L’overshoot day è il giorno che segna l’esaurimento delle risorse che il nostro Pianeta è in grado di rigenerare in 365 giorni, cioè in un anno.
Tale data cambia di anno in anno e viene calcolata dal Global footprint network (Gfn), un’organizzazione internazionale che si occupa di ambiente calcolando l’impronta ecologica, un indicatore complesso per valutare il consumo umano di risorse naturali rispetto alla capacità della Terra di rigenerarle.
Tutte le specie viventi che popolano il Pianeta, siano esse animali o vegetali, vivono in stretta simbiosi e non prendono più di quanto la Terra sia in grado di offrire e, naturalmente, non la danneggiano, anche perché sarebbero le prime a risentirne. Tutte le specie, tranne una: l’uomo.
Dicevamo che la data dell’overshoot cambia ogni anno e purtroppo dagli anni ’70 arriva sempre prima, prospettando un futuro sempre più a tinte fosche per il genere umano ma non solo. La rilevazione di quanto l’essere umano consumasse più di quanto la Terra producesse si è avuta nel 1975 e venne constatato che il limite era il 28 novembre. Tanto per fare esempi recenti, nell’anno 2015 l’overshoot fu il 13 agosto e lo scorso anno l’8 agosto. Quest’anno il 2 agosto.
La data viene calcolata confrontando le esigenze dell’umanità in termini di emissioni di carbonio, di terreni coltivati, sfruttamento delle foreste e degli stock ittici, con la capacità del Pianeta di rigenerare queste risorse e assorbire il carbonio emesso.
Secondo il Gfn attualmente la popolazione mondiale sta consumando l’equivalente di 1,6 pianeti all’anno, cifra che dovrebbe arrivare a 2 pianeti entro il 2030 se si prosegue con lo scempio di consumo. Complici il costante aumento della popolazione mondiale e della fame spasmodica (ma non sempre strettamente necessaria) delle risorse che offre il Pianeta.

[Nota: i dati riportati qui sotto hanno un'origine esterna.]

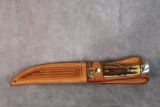 1965-69 Case XX 516-5 Stag Handle Fixed Blade Hunting Knife w/sheath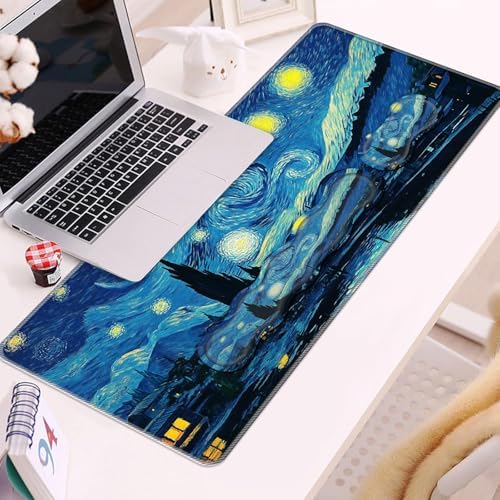 Keyboard Wrist Rest and Mouse Pad Set,31.5x11.8 Inches Desk Mat,Waterproof Non-Slip Ergonomic Wrist Support for Pain Relief,Extended Desk Protector for Office Home Gaming,Starry Night Sky Art - Image 2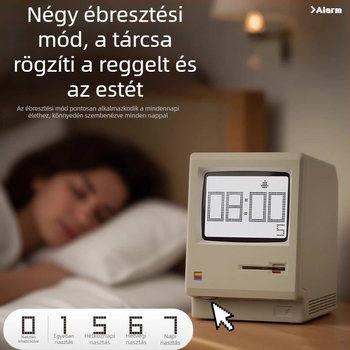 Maclock Macintosh Ébresztőóra – Retro nosztalgikus asztali digitális óra, kreatív születésnapi ajándék a barátodnak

Dichiara il presidente del Gnf Mathis Wackernagel: «Il problema principale è che, nonostante l’evidente deficit ambientale, non stiamo prendendo misure per imboccare la giusta direzione. Il problema è anche psicologico, quello che è ovvio per il 98 per cento dei bambini è considerato un rischio minore che non merita la nostra attenzione dai pianificatori economici».

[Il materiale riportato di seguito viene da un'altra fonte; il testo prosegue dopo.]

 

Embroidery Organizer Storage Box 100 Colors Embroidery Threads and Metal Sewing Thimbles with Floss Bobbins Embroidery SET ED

Aggiungendo che smettere di sfruttare una ricchezza che appartiene alle future generazioni sarebbe non solo auspicabile ma anche proficuo, continua: «Questo obiettivo è attuabile con le tecnologie disponibili ed è economicamente vantaggioso dato che i benefici complessivi sono superiori a costi. Si possono stimolare settori emergenti come le energie rinnovabili, riducendo i rischi e i costi connessi a settori imprenditoriali senza futuro perché basati su tecnologie vecchie e inquinanti».